About this task: Each line from the opening of the records that follow to the line with "Limone velikanke v Šmihelu" needs to be written out exactly. Add nothing.

[Collected data]
□ □ □ □ □

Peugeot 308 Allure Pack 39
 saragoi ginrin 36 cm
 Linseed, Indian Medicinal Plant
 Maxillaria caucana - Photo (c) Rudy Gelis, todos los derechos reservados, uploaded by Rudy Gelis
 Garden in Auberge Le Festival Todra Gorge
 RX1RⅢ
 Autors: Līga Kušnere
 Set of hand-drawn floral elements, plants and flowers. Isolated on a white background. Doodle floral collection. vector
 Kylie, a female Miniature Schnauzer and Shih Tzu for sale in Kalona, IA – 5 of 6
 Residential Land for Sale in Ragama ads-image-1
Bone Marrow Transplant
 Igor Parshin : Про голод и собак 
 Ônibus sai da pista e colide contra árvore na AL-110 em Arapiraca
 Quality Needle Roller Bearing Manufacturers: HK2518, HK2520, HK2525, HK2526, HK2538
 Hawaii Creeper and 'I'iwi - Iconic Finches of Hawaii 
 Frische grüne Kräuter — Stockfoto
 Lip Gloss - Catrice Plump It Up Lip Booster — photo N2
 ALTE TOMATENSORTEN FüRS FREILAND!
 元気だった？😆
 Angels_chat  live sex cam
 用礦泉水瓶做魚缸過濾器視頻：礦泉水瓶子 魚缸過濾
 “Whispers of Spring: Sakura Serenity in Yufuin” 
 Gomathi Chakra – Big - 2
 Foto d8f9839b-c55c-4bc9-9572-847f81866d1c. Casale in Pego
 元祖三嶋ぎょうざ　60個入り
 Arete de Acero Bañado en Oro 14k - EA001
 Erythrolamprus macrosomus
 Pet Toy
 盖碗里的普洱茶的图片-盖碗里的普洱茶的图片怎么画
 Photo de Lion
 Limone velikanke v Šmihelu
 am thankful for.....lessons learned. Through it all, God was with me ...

□ □ □ □ □

Answer area:
Peugeot 308 Allure Pack 39
 saragoi ginrin 36 cm
 Linseed, Indian Medicinal Plant
 Maxillaria caucana - Photo (c) Rudy Gelis, todos los derechos reservados, uploaded by Rudy Gelis
 Garden in Auberge Le Festival Todra Gorge
 RX1RⅢ
 Autors: Līga Kušnere
 Set of hand-drawn floral elements, plants and flowers. Isolated on a white background. Doodle floral collection. vector
 Kylie, a female Miniature Schnauzer and Shih Tzu for sale in Kalona, IA – 5 of 6
 Residential Land for Sale in Ragama ads-image-1
Bone Marrow Transplant
 Igor Parshin : Про голод и собак 
 Ônibus sai da pista e colide contra árvore na AL-110 em Arapiraca
 Quality Needle Roller Bearing Manufacturers: HK2518, HK2520, HK2525, HK2526, HK2538
 Hawaii Creeper and 'I'iwi - Iconic Finches of Hawaii 
 Frische grüne Kräuter — Stockfoto
 Lip Gloss - Catrice Plump It Up Lip Booster — photo N2
 ALTE TOMATENSORTEN FüRS FREILAND!
 元気だった？😆
 Angels_chat  live sex cam
 用礦泉水瓶做魚缸過濾器視頻：礦泉水瓶子 魚缸過濾
 “Whispers of Spring: Sakura Serenity in Yufuin” 
 Gomathi Chakra – Big - 2
 Foto d8f9839b-c55c-4bc9-9572-847f81866d1c. Casale in Pego
 元祖三嶋ぎょうざ　60個入り
 Arete de Acero Bañado en Oro 14k - EA001
 Erythrolamprus macrosomus
 Pet Toy
 盖碗里的普洱茶的图片-盖碗里的普洱茶的图片怎么画
 Photo de Lion
 Limone velikanke v Šmihelu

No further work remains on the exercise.